Переводя этот строй мысли на язык новоевропейских понятий, можно было бы сказать, что здесь совпадают онтологическое и аксиологическое (древние снова оказываются «наивными» людьми, которые по своей наивности перепутали ценность и бытие). На деле само слово «аксиология», составленное из греческих корней, но выразившее мысль Нового времени, уже грозит исказить суть древнего мировоззрения. В определенном смысле у греков (как и у их средневековых учеников) не было аксиологии. Ее не было совершенно так же, как не было «эстетики», и притом по тем же существенный причинам. «Благо» — это не «ценность», «совершенство» — это не «ценность»: здесь то же различие, как между равной себе «вещью» и пред-стоящим нашему созерцанию «предметом». Лишь техника, наука, философия и общественная практика эпохи капитализма заменили «вещь» — «предметом». «Совершенство» — это полнота бытия, которую вещь несет внутри себя самой. «Ценность» стоит под оценивающим взглядом субъекта. «Совершенство» онтологично, «ценность» — скорее гносеологична, ибо соотнесена с субъектом.

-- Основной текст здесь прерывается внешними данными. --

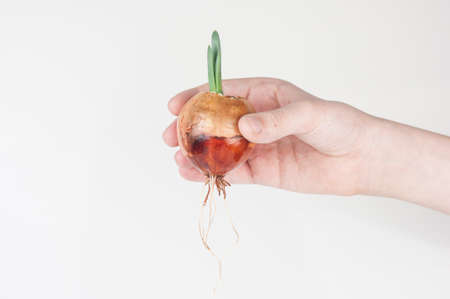 Child hand showing clear root of brown onion, ready of transplanting into a pot.の写真素材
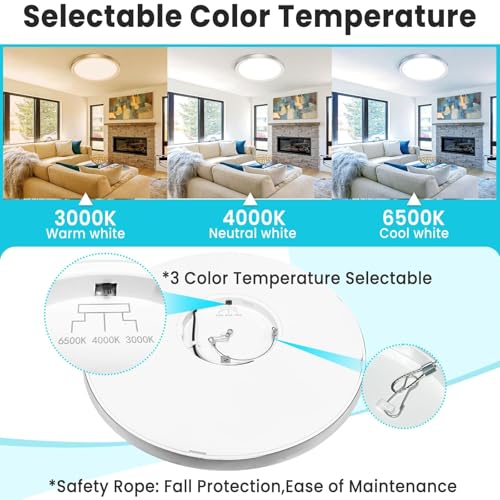 12 inch Flush Mount LED Ceiling Light Fixture (2 Count)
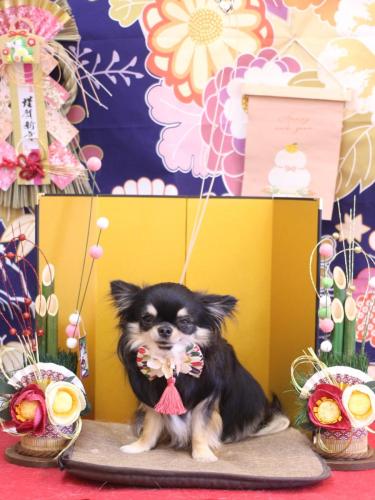 20240127プリンちゃん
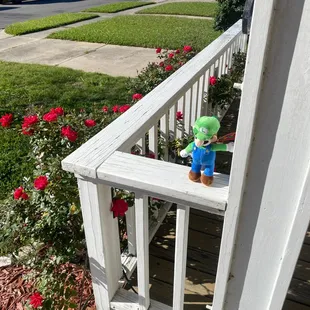 Louigi won from the grabber machine!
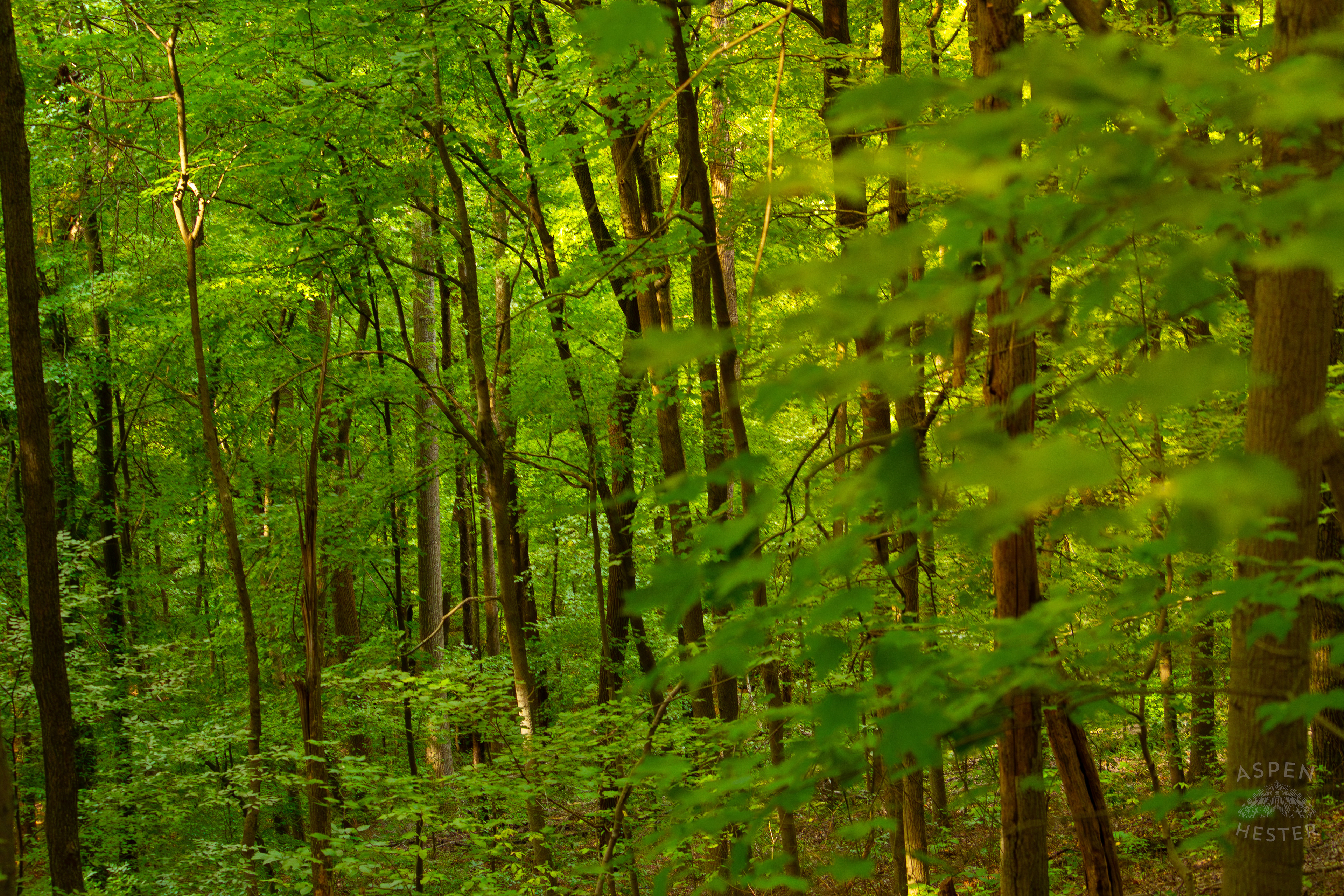Dense Trees Inside Jefferson Memorial Forest. September 3rd, 2024/Aspen Hester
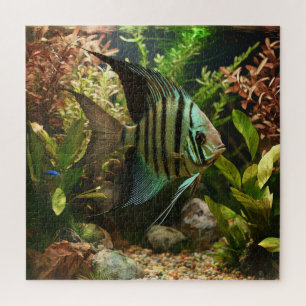 Puzzle Poisson-ange altum rayé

Оценивающий глаз предполагается и таким специальным видом ценности, какова «эстетическая ценность». Для греческой философской традиции «прекрасное» — вовсе не «эстетическая ценность», но скорее, по слову Плотина, «цветение бытия»[82]: саморазвертывание вовне плотной бытийственной самососредоточенности. Красота — «цветение бытия»: снова слова, которые могут повести к недоразумениям, если мы начнем насильственно вкладывать в них новоевропейский смысл. Речь идет вовсе не о том, что прекрасна «реальность». «Реальность» так же непохожа на «бытие», как «ценность» — на «совершенство» или как «предмет» — на «вещь». Вещь имеет бытие и держит его при себе, предмет имеет реальность и предъявляет ее созерцающему субъекту. Реальность «объективна»: «ob-iectum» и значит «предмет», «Gegenstand», то есть некоторое «противостоящіе» субъекту. (Многозначительное немецкое слово «Gegenstand» было введено в XVIII веке именно как калька латинскою «obiectum»[83]; таково же происхождение и русского «предмета»[84].) Конечно, Плотиново «бытие», имеющее силу зацвести красотой, «объективно» в том смысле, что оно во всяком случае не субъективно; но мы должны твердо помнить, что это объективность особою рода, не соотнесенная с субъективностью.

Мыслители патристики и вообще христианского Средневековья имели свои основания к тому, чтобы усвоить и усилить эллинское понимание бытия как совершенства. Ибо если раньше бытие было атрибутом космоса, «целокупнош неба», как говорил Ксенофан Элейский[85], то теперь оно оказывается интимным достоянием абсолютною и личного Бога и одновременно его даром творению[86].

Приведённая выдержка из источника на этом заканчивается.